Yesterday, within an hour of his scheduled execution, Hank Skinner request to the United States Supreme Court was granted, and the High Court stayed his execution by the State of Texas via lethal injection. We posted on Mr. Skinner’s case earlier this week: he continues to proclaim his innocence – has never veered from this – and a significant amount of DNA evidence has never been tested.
It seems that the defense never did the DNA testing on knives and other items during the trial, and while the items still set there, no one has ever checked to see if Texas got the right man.

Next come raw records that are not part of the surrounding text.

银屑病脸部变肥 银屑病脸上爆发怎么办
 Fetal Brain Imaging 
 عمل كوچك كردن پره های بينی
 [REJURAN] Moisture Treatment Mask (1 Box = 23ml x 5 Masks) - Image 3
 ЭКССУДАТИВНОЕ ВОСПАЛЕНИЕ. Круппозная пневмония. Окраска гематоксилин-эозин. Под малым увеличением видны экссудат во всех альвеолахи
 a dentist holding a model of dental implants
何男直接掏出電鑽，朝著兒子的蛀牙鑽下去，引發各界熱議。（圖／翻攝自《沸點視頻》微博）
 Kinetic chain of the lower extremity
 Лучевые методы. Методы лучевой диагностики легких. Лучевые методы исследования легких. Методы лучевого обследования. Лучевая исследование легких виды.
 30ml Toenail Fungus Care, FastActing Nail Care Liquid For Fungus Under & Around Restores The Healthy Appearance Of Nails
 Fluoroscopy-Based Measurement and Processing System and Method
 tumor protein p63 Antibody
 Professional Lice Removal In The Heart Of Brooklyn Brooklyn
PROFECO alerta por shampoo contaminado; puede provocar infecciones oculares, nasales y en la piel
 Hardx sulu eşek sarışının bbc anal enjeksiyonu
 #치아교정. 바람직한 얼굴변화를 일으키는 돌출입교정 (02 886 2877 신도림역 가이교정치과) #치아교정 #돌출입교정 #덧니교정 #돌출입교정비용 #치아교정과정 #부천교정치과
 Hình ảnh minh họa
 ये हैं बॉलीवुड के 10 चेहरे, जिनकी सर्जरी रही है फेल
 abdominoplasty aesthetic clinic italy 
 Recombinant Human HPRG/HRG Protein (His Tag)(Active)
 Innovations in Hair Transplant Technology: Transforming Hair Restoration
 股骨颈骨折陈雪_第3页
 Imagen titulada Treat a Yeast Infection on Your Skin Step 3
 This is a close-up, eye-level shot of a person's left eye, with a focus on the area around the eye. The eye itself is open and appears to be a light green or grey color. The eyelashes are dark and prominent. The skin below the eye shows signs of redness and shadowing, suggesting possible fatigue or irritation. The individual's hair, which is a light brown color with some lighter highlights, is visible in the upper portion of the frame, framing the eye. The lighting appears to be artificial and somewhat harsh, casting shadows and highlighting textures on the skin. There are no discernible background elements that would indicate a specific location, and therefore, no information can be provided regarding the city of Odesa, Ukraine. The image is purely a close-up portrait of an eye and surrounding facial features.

Now, it’s possible that once DNA testing is done, the State of Texas will have to recognize that it has tried, convicted, and almost killed an innocent man for the murder of his ex-girlfriend and her two adult sons.
The case, 09-9000, will be decided by SCOTUS within the next thirty days.
And on the same day, the U.S. Supreme Court heard oral argument in the case of Magwood v. Peterson (09-158), where Justice John Paul Stevens pointed to the Elephant in the Room — whether or not Magwood is not eligible for the death penalty was never determined in the case, and the State is now wanting to execute him because the defense didn’t prove up the ineligibility in proper procedural time.
Billy Joe Magwood was tried and convicted for the1979 killing of an Alabama sheriff, and he was sentenced to death in 1981. However, under Alabama law, capital punishment is only available when certain aggravating factors exist – and Magwood’s never fit into these categories.
Since his case never met the statutory standards, it’s being argued to the High Court that he shouldn’t be killed by the state. The state attorney, of course, argues that Magwood’s argument is barred. Waived. Adjudicated. Whatever.
Mr. Skinner and Mr. Magwood sit on Death Row. The States of Texas and Alabama, respectively, want to kill them. Skinner may be innocent. INNOCENT. Magwood should NEVER have been sentenced to death for his crime, under the very same state’s law that now seeks to kill him.
In both cases, different defense efforts might have kept these cases from ever being before the High Court, but they didn’t happen. These are two ineffective assistance of counsel cases.
Now, we watch and learn: how much is procedure to be valued — the "finality of the process" — over the live of an individual???
The U.S. Supreme Court is about to tell us. Watch and learn.